Of course, as with any other "right" there are exceptions. A firearm may not be taken into a courtroom, jail, school, bar or parts of airports, for example.
In addition, there may be limits as to age, felon, DV conviction, protection order, or specific court order. …
RCW 9.41.270 provides that it is unlawful for a person to carry, exhibit, display or draw any firearm in a manner, under circumstances, and at a time and place that either manifests intent to intimidate another or that warrants alarm for the safety of other persons. A violation is a gross misdemeanor.
This statute is very fact-specific, but in general, merely walking around in public with the gun properly secured in an exposed holster does not constitute a violation.
A court will consider "time, place, manner" factors, such as the time of day, whether the area is residential, urban or countryside, the manner in which the weapon is being carried, the size and type of weapon, whether the clip is visibly attached, high-crime area, whether the person waved it around, tossed it when stopped, etc.
In State v.
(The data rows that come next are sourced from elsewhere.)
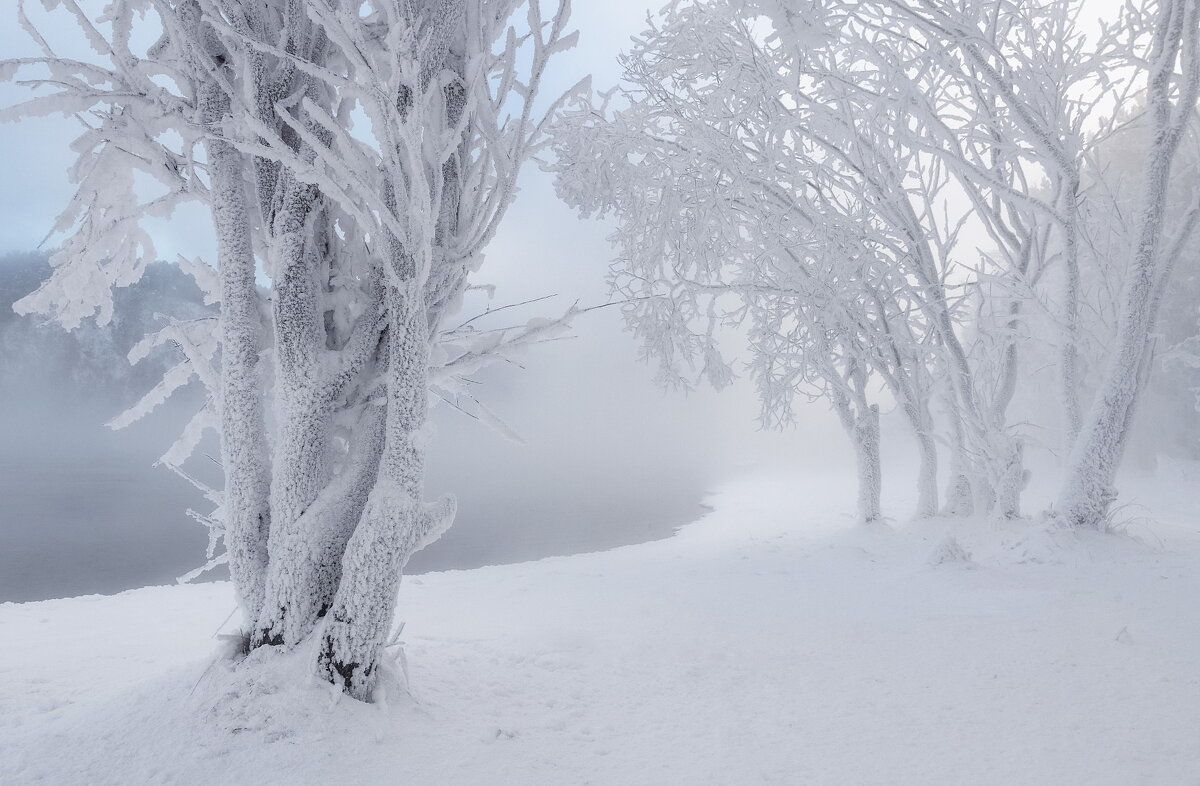 Зимнее безмолвие - Марина Фомина.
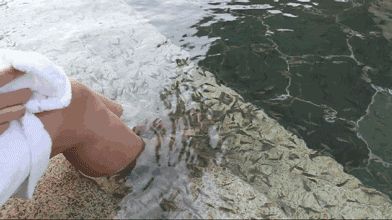 苏州乐园四季恒温水乐园预约,苏州乐园四季悦水游村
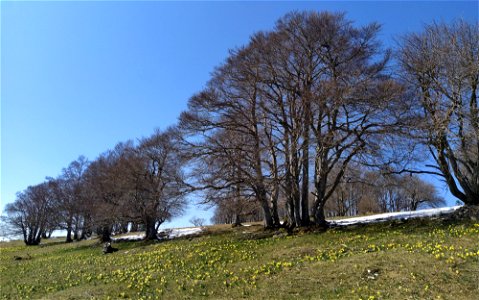 IMG_20210408_145434
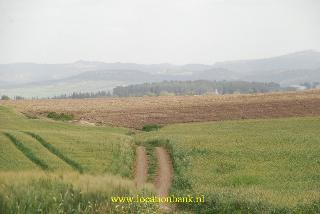 Graanveld (alleen tussen maart en mei)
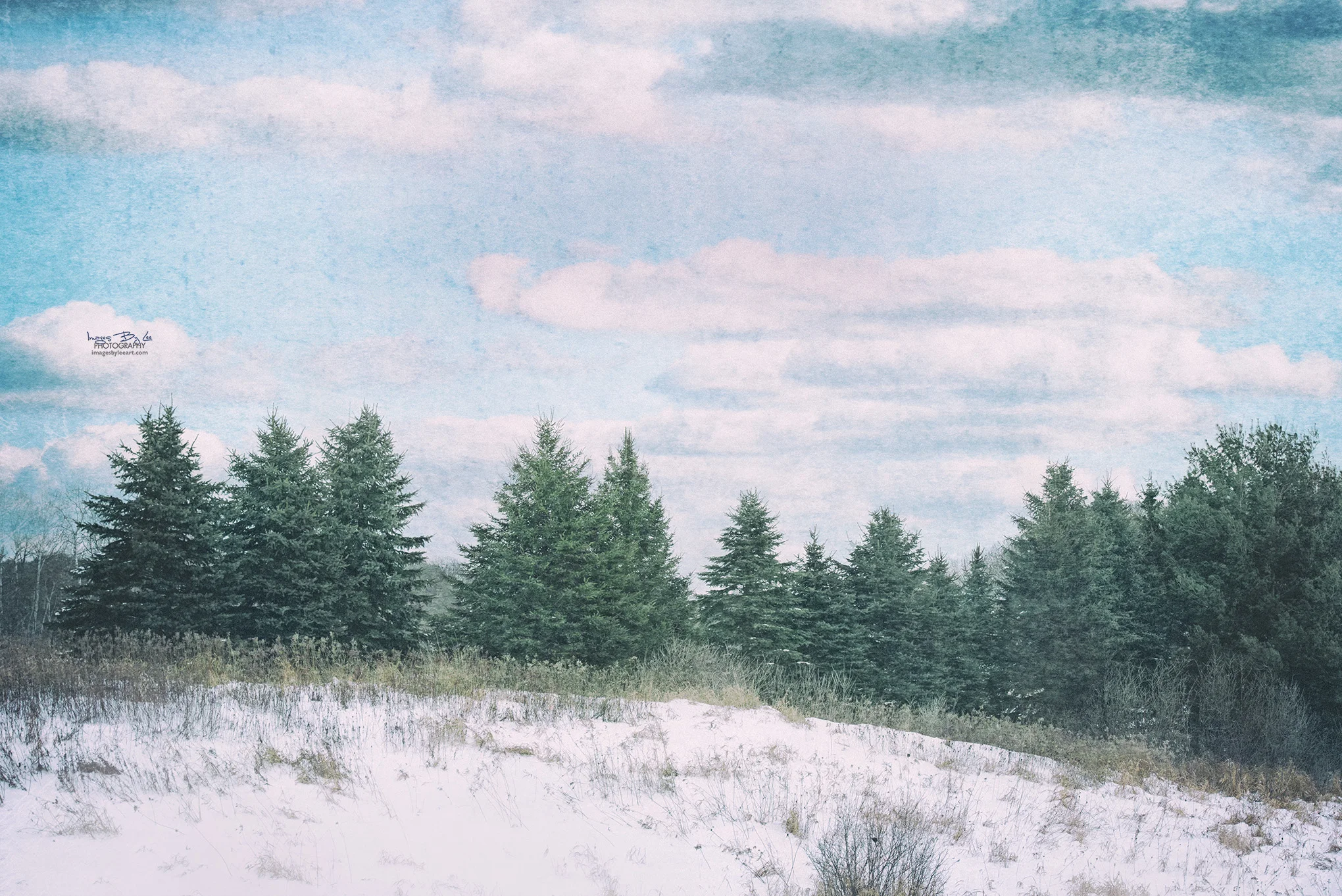 Winter Evergreens FB.jpg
Spencer, the court … upheld a conviction for RCW 9.41.270 when the person carried an AK-47 with the clip attached on the person's shoulder at 10 p.m., while walking briskly through a residential area with his head down and avoiding eye contact.
In State v. Mitchell, officers on night patrol saw the defendant and a companion walking down the street in a residential area in Seattle. The defendant was carrying a semi-automatic handgun and as officers passed, they observed him tuck it into his waistband. When the officers stopped them, the defendant tossed the gun into the bushes. The court held that openly carrying such a weapon at night in an urban residential area was sufficient to warrant reasonable suspicion that the crime of unlawful display of a firearm was being committed.
In State v. Craig, the court held that an eyewitness testimony that a person driving by in a car pointing a gun at the witness was sufficient to support a finding that officers had probable cause to believe that the person committed the crime of unlawfully displaying (a) weapon.
What might be acceptable behavior on a country road in hunting season would be cause for alarm in an urban residential neighborhood in a high crime area at night. Nonetheless, again typically carrying a properly holstered gun openly will not pass sufficient muster for a violation.
RCW 9.41.230 prohibits a person from aiming any firearm, whether loaded or not, at or towards a human being. It also prohibits willfully discharging a firearm in a public place or in any place where a person might be endangered. Public places do not include locations where it discharging firearms is authorized.
RCW 9.41.250 prohibits "furtively carrying with intent to conceal any dagger, dirk, pistol or other dangerous weapon."
While "open carry" is legal in public, private property is a different matter.
Private property owners may limit individuals' right to carry on their property. This includes quasi-public property such as shopping malls, restaurants and retail stores.
The notice may take two forms. First, if a property is clearly marked with very visible signs at all entrances that say "No Firearms Allowed," then it is illegal to bring a firearm onto the property, with or without a CPL. The crime would be trespass.
If there is no signage and the person with the weapon is asked to leave by the owner or agent and the person refuses, (deputies) can also use the trespass statute. …
State law controls this area of the law and preempts local jurisdictions from passing more restrictive laws on carrying firearms.